Import libraries for text preprocessing code block
Importing stop words libraries

The list of “most frequently occurring words” we generated above offers some good candidates for customizing the custom stop words list. As you start to generate results below, you may want to come back to this step and add in additional stop words based on your content set to generate more useful results.

3. Pre-process the data set to get a cleaned, normalized text corpus

Pre-processing includes removing punctuation, tags, and special characters from the text, and then normalizing what’s left into recognizable words. The normalization process includes “stemming,” which removes suffixes and prefixes from word roots, and “lemmatization” which maps the remaining root forms (which may not always be proper words) back to an actual word that occurs in natural language.

Script block for stemming and lemmatizing corpus
Normalizing, stemming, and lemmatizing our corpus

These processes all together identify a canonical representative for a set of related word forms, which allows us to assess word frequency independent of morphological (word form) variations.

4. Extract most frequently occurring keywords and n-grams

Now we’re finally at a stage where we can generate a set of top keywords and n-grams, in our case two and three word phrases (bigrams and trigrams). These lists and charts are, of course, only a hint at all of the insight that might be contained in this text corpus, but they provide guidance on where we might need to look more closely or conduct additional research. They also offer a high level overview that is easily communicated to collaborators and stakeholders.

Top keywords by frequency
Top keywords by frequency for 3,892 Shoreline College "Request for Information" fields
Top bigrams by frequency
Top bigrams by frequency for 3,892 Shoreline College "Request for Information" fields
Top trigrams by frequency
Top trigrams by frequency for 3,892 Shoreline College "Request for Information" fields

These scripts will also send a .csv of terms and frequency data for each of these views to your desktop for direct access to the compiled results. If you find that some terms are generic to your dataset—in this example “would,” “like,” “need,” and “know” are not really conveying unique meaning—you can add those to your stop words list and run the analysis again.

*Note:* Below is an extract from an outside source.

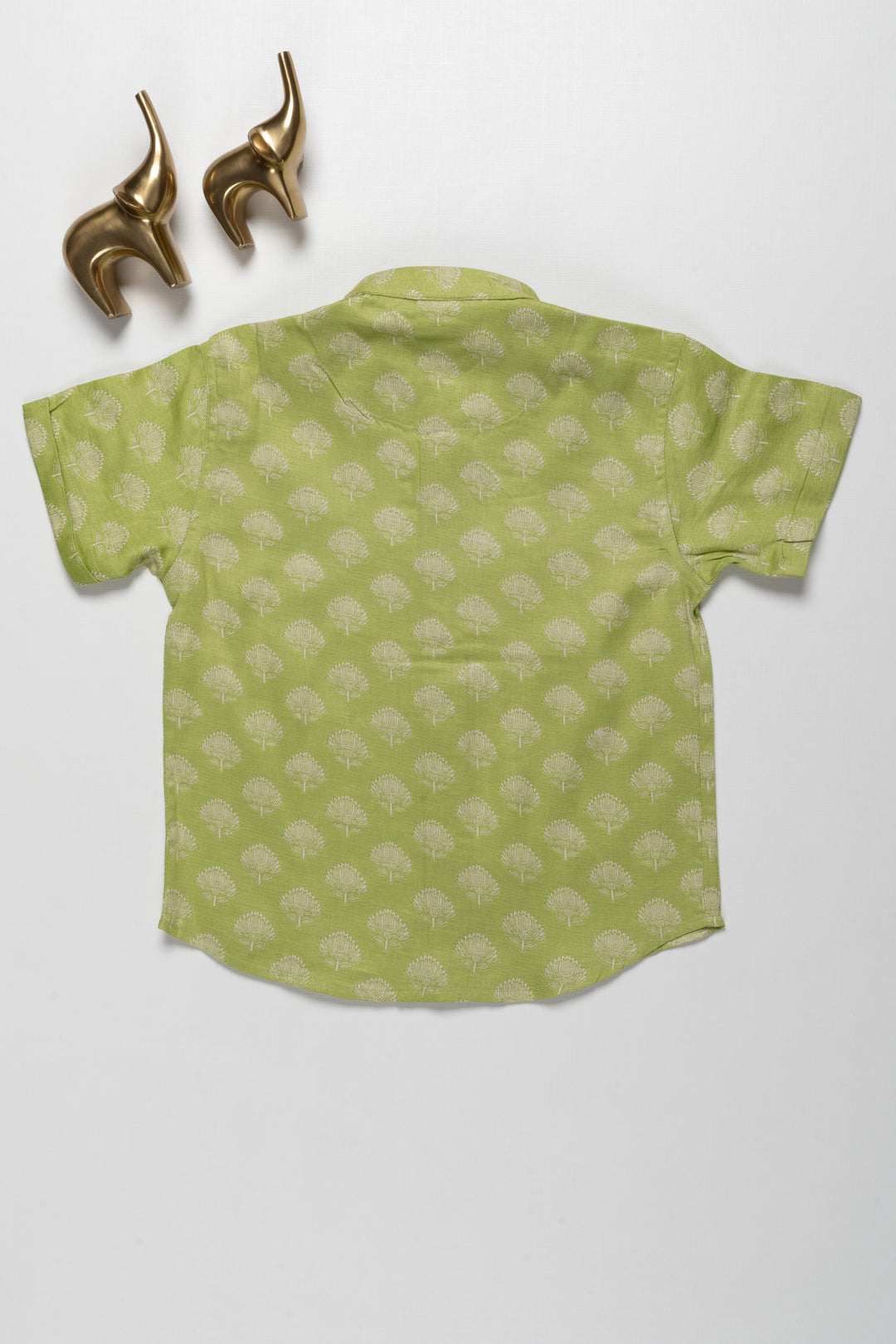 The Nesavu Boys Cotton Shirt Boys Green Cotton Shirt with Elegant Tree Print – Traditional and Casual Wear Nesavu Boys Green Cotton Shirt with Elegant Tree Print | Traditional and Casual Wear | The Nesavu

5. Extract a list of top TF-IDF terms

TF-IDF, short for “Term Frequency–Inverse Document Frequency,” is a numerical statistic that is intended to reflect how important a word is to a document in a collection. A term’s TF-IDF value increases proportionally to the number of times a word appears in a document and is then offset by the number of documents in the corpus that contain the word. This helps to adjust for the fact that some words appear more frequently in general. The end result is that we end up with a list of words ranked by how important they are to the corpus as a whole:

TF-IDF terms for Shoreline College
Top TF-IDF term for 3,892 Shoreline College "Request for Information" fields

That said, I’m not going to claim I’ve yet gotten my head fully around what’s going on in the TF-IDF vectorization process. For a deeper analysis of extracting keywords via TF-IDF, check out Kavita Ganesan’s TF-IDF tutorial.

Next Steps

If you’ve dipped your toes into NLP or machine learning before, you now that these waters get deep very quickly. The goal of this article is to provide a “shallow end” that those of us new to NLP can use to get our grounding, and yet still accomplish something useful. It is written from the point of view of a beginner (me!) sharing his foothold on NLP with other beginners (you!)—and hopefully providing you with a valuable entry-level toolset you can bring to your next 8,000 row spreadsheet.

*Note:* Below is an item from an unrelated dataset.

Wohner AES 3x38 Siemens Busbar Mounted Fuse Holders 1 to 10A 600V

The output of this process is intended to give you a set of data points you can use to better understand the user feedback contained in large, unstructured data sets. It should also help you more easily focus future analysis and research activities. Once you’ve gotten the hang of the basic flow above, start tweaking variables and parameters. When you’re comfortable with the range of what you can do here, you’re ready to explore the many other ways to use these libraries and tools. Please do share what you learn!